→ **RECORDED INFORMATION**
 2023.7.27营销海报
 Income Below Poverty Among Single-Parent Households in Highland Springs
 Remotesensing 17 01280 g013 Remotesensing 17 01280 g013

→ **AIM OF THE EXERCISE**
Repeat the listing above without any change.

→ **RESULT BELOW**
 2023.7.27营销海报
 Income Below Poverty Among Single-Parent Households in Highland Springs
 Remotesensing 17 01280 g013 Remotesensing 17 01280 g013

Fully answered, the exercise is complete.